TRY IT: Every line from the one containing "Yves Saint Laurent" to the one containing "DIY Pet Cats" in the records below, both included, must be set down exactly, and no other line.

PROVIDED INFORMATION:
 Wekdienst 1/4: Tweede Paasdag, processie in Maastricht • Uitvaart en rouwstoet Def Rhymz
==
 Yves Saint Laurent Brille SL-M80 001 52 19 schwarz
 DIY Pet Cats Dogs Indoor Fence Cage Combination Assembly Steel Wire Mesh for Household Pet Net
==
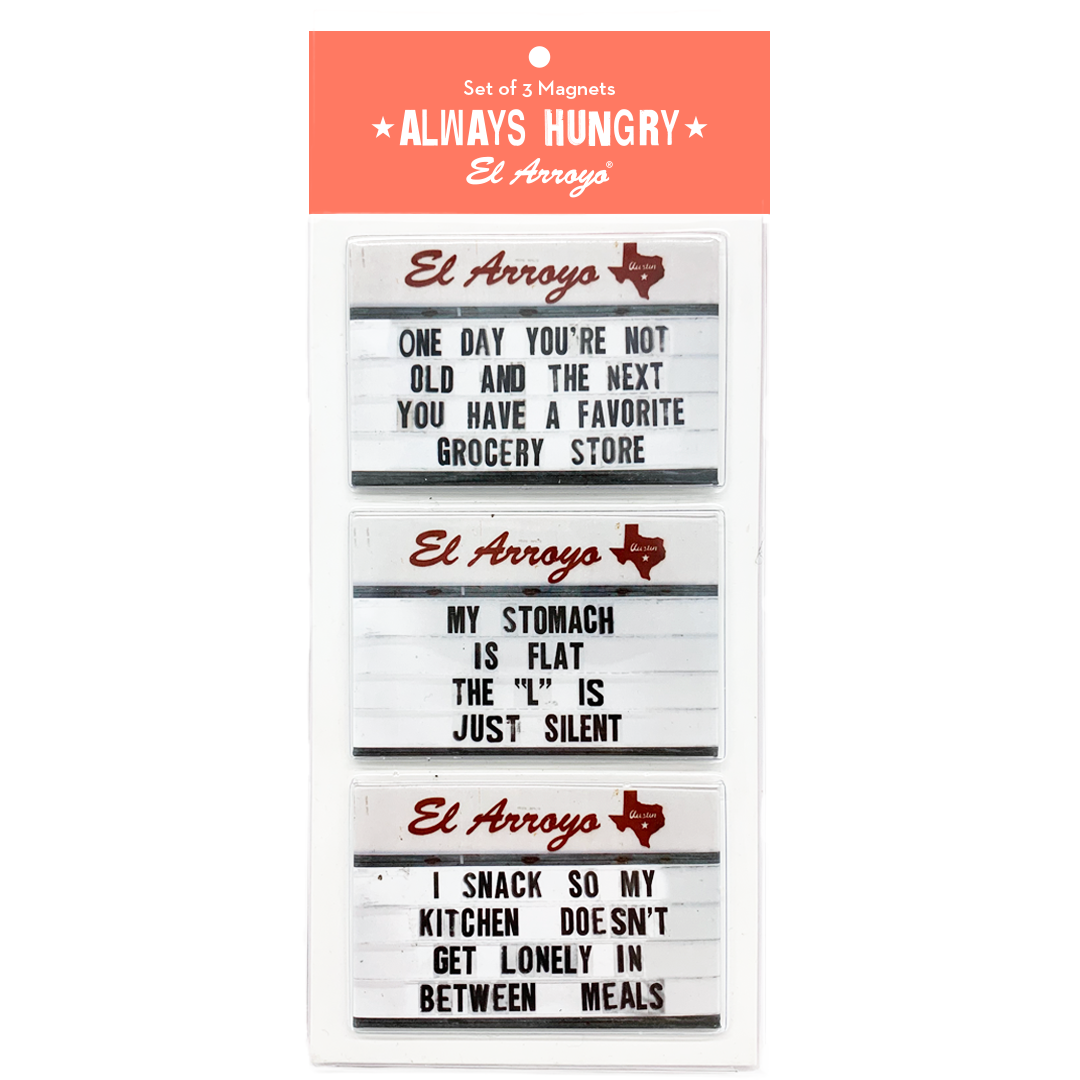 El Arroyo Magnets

YOUR SOLUTION:
 Yves Saint Laurent Brille SL-M80 001 52 19 schwarz
 DIY Pet Cats Dogs Indoor Fence Cage Combination Assembly Steel Wire Mesh for Household Pet Net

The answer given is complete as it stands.